Abends gegen 18:30 lief dann der letzte ins Ziel und anschließend gleich weiter in die Tennishalle zur Siegerehrung und dem Abschlussessen. Eine Cheerleadergruppe führte einen tollen Auftritt vor, dann wurden alle Sportler einzeln auf die Bühne gebeten um einen Finisherpokal entgegen zu nehmen.

Abschlussveranstaltung 3 

Abschlussveranstaltung

Das Abschlussessen war wie die Pastaparty sehr lecker und vielfältig. Außerdem bot es eine gute Gelegenheit nochmal zusammen zu sitzen und sich am Ende von allen zu verabschieden. Ein Gespräch, das ich noch erwähnen möchte führte ich mit einem der Gastgeber. Er erzählte, dass er schon seit über 20 Jahren selbst Marathons laufe, entsprechend lange in einem Laufverein aktiv sei, dabei auch schon viele Menschen laufen gesehen habe, von meinem Laufstil aber wirklich beeindruckt gewesen sei. Er war auch vor zwei Jahren dabei, als Adrian Brennwald die Weltbestzeit beim doppelten Ultratriathlon aufstellte. Während dieser mit Kraft laufe, meinte er, würde ich dagegen mit Leichtigkeit und Freude laufen.

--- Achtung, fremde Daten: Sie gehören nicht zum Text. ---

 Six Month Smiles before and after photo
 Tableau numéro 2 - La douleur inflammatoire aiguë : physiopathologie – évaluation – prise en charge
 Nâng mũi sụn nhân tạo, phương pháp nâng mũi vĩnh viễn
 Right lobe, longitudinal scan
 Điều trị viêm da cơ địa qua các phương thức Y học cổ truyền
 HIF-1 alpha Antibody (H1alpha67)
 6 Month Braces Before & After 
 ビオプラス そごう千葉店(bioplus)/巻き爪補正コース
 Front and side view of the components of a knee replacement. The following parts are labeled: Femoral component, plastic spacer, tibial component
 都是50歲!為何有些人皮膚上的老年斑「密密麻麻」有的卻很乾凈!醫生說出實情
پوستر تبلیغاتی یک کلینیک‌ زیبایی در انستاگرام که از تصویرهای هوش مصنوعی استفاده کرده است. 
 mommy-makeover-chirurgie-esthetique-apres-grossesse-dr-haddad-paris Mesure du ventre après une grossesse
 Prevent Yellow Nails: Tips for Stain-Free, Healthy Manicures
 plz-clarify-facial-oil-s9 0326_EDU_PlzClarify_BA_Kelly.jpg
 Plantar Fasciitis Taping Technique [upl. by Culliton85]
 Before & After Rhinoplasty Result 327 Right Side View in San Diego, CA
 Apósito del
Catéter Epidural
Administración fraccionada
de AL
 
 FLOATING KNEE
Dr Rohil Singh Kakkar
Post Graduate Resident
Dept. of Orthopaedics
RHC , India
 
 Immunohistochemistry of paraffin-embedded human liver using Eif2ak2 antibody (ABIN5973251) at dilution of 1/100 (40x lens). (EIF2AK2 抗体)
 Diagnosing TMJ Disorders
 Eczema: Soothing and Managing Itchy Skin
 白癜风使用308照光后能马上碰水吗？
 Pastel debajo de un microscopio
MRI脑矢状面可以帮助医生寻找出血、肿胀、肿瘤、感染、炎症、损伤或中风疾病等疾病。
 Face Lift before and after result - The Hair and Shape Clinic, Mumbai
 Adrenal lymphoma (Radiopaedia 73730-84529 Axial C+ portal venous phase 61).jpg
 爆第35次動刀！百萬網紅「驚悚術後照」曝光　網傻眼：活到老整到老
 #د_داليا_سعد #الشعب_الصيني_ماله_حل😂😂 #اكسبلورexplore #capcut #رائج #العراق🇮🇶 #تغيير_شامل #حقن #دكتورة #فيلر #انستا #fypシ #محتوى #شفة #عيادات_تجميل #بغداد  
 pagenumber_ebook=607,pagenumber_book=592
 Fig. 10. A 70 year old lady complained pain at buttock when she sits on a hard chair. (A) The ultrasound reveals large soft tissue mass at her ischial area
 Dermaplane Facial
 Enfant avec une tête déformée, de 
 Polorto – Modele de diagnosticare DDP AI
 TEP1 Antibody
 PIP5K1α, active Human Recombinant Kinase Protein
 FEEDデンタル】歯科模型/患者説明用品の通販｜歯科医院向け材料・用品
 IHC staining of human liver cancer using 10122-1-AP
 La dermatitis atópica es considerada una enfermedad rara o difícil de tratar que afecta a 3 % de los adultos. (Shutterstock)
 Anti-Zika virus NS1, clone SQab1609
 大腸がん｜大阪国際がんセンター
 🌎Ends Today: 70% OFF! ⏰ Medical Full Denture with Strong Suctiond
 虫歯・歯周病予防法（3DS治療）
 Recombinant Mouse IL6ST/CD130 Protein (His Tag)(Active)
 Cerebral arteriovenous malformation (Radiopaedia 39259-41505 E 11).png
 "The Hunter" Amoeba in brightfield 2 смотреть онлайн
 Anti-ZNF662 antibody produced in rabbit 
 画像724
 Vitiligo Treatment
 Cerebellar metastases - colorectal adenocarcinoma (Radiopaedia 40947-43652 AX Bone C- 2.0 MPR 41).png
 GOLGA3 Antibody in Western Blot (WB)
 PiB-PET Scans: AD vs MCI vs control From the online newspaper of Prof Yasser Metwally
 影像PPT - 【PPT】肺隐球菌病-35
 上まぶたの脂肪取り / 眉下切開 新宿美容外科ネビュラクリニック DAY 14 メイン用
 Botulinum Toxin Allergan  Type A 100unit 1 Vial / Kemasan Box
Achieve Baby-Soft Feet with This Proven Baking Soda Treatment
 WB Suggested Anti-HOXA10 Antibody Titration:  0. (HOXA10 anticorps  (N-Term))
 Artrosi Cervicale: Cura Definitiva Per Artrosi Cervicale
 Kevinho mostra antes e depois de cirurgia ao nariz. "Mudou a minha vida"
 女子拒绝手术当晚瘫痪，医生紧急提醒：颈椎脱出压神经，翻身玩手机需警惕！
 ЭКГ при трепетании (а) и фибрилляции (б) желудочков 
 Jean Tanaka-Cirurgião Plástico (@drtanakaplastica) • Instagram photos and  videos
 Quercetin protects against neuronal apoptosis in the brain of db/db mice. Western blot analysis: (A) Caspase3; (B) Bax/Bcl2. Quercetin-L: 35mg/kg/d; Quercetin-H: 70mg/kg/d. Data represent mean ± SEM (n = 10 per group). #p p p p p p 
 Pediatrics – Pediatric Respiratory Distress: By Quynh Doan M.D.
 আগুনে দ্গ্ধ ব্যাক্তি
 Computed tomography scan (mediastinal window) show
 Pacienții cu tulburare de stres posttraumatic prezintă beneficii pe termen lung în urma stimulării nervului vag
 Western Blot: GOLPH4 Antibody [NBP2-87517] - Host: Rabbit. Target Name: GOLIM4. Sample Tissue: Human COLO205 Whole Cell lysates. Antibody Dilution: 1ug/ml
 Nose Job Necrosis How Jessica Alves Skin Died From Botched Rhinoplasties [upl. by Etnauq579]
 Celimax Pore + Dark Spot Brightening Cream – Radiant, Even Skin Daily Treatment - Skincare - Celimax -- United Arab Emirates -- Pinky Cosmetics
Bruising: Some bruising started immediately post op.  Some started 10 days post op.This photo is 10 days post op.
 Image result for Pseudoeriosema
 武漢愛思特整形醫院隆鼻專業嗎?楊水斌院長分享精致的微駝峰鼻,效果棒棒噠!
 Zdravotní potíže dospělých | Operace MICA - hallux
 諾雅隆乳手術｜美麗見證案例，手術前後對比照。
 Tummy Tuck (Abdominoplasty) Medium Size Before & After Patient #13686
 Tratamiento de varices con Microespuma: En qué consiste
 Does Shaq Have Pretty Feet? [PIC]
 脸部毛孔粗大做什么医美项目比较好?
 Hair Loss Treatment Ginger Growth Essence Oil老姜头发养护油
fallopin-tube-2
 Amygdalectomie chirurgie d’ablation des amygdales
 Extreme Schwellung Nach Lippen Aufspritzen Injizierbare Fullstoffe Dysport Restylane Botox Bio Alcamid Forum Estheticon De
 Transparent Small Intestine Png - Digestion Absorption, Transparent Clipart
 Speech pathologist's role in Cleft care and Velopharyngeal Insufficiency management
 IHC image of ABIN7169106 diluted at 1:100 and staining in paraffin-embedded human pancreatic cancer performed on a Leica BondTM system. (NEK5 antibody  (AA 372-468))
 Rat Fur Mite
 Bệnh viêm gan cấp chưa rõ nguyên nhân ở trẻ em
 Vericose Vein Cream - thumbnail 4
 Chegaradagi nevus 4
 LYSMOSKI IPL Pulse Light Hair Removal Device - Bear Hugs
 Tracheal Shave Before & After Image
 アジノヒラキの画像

Er erzählte weiter, wie dies am Abend zuvor auch die Zuschauer begeistert habe und wesentlich dazu beitrug eine gute Atmosphäre an der Laufstrecke aufrecht zu erhalten. Wahrscheinlich spielen dabei noch mehr Faktoren mit. Vielleicht spielte mein Weltmeistertitel eine Rolle z.B. für die Aufmerksamkeit die mir und meiner Performance entgegengebracht wurde. Vielleicht passte ich damit in irgendein Bild, vielleicht wurden mir wieder Chancen zugerechnet das Rennen doch noch spannend zu machen. Vielleicht war es auch einfach nur toll, dass ich darauf reagierte, wenn man mich anfeuerte und mich zumindest mit einem Lächeln dafür bedankte. Auf jeden Fall hatte ich noch nie ein so motivierendes Publikum erlebt und bekam bei diesem Gespräch vermittelt, dass das Verhältnis zu diesem auf Gegenseitigkeit beruht und davon abhängt wie man selbst mit dem Publikum umgeht. Für mich war das eine recht wertvolle Erkenntnis, da ich mich einerseits zuvor nie als jemanden gesehen habe der gut und spielerisch mit Publikum umgehen und interagieren kann und andererseits noch nie so dessen beflügelnde Wirkung nutzen konnte. Zumindest nicht bei einem Publikum aus Menschen die ich eigentlich nicht wirklich kenne.

Mit diesen Gedanken konnte ich mich dann auf den Heimweg begeben. Im Großen und Ganzen war ich zwar etwas ausgelaugter, als nach den anderen beiden Wettkämpfen, hatte keinen großen Titel gewonnen und auch keine persönliche Bestzeit erreicht, dennoch  war ich stolz darauf wie ich mich beim Laufen doch noch auf die erste Position kämpfen konnte, gut gelaunt durch die gesellige und soziale Atmosphäre des Wochenendes, um allerlei interessante Erfahrungen reicher und insgesamt sicher genauso glücklich wie nach den Wettkämpfen in Slowenien und Österreich.